> ACTION ITEM
Each line of the records below that includes "Women" adds one to the count; state the final count by itself.

> DATA UNDER STUDY
========
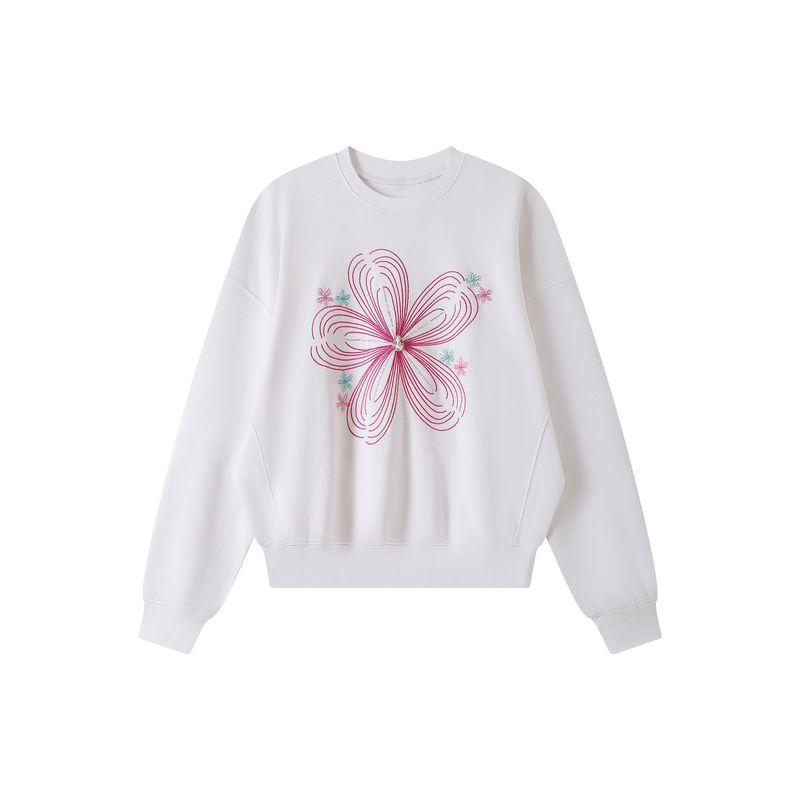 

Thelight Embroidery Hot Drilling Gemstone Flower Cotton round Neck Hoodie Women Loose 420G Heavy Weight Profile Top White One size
========
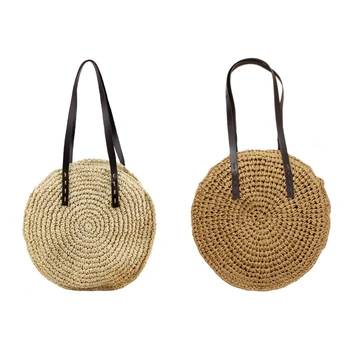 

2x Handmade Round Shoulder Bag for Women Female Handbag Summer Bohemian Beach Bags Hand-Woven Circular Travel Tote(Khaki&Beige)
========
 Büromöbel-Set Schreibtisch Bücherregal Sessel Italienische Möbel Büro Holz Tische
========
> ANSWER TO THIS TASK
2